Collection and curation of more biomolecular parts
While we have emphasized how one may design and evolve new biomolecular parts, there is already a rich existing collection of natural biomolecules that nature offers. Proper prospecting and curation of parts from the rapidly growing number of genomes sequences is a valuable strategy to complement design and evolutionary approaches. Even if design and evolutionary approaches rapidly advance, there is still the need for good starting points for design and evolution to modify and these starting points come from parts collections.
As parts collections expand, including through the addition of more and more synthetic variants, characterization and curation become crucial. Standardized methods for measuring the performance of particular parts is therefore essential. This is especially important for parts controlling gene expression, which form the basis of biological circuit design. Host specificity, environmental effects, modularity, and tunability of parts are all critical aspects in biological circuit design.

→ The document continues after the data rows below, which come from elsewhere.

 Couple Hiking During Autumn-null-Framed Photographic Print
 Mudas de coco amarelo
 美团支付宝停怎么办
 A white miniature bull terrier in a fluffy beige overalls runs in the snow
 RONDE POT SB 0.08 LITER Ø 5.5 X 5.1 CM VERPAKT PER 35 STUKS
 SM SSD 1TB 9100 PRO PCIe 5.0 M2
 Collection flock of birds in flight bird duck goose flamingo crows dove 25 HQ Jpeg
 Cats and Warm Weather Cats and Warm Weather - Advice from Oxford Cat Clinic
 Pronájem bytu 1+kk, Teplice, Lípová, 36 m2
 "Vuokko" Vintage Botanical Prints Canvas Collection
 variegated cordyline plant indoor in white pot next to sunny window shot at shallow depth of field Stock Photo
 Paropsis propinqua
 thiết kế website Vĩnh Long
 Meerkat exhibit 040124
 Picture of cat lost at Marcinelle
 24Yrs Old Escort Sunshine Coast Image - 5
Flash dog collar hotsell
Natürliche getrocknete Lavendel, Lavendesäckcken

Unnatural nucleotide and amino acid polymerization systems
The construction of macromolecules that contain unnatural building blocks would be broadly useful for new therapeutics, materials, and biocontainment strategies. Systems for PCR and transcription of fully unnatural nucleotide-containing genes of up to 400 base pairs is an aspirational but reasonable, metric the field should aim for. At this length, unnatural aptamer and aptazyme polymers could be regularly evolved and engineered. Systems capable of handling even longer sequences (1000 base pairs) would be useful as new information polymers capable of encoding unnatural proteins and sustaining genetic codes based on new genetic alphabets. Expanded genetic code systems for translation of fully unnatural amino acid containing proteins with more than 200 amino acids and/or proteins with at least four distinct unnatural amino acid building blocks would also be an aspirational quantifiable goal for the field. This goal would open up new categories of research in biomaterial production and evolution and further motivate the expansion of genetic codes, a key area of synthetic biology with a wide range of applications from biomolecular engineering to biocontainment.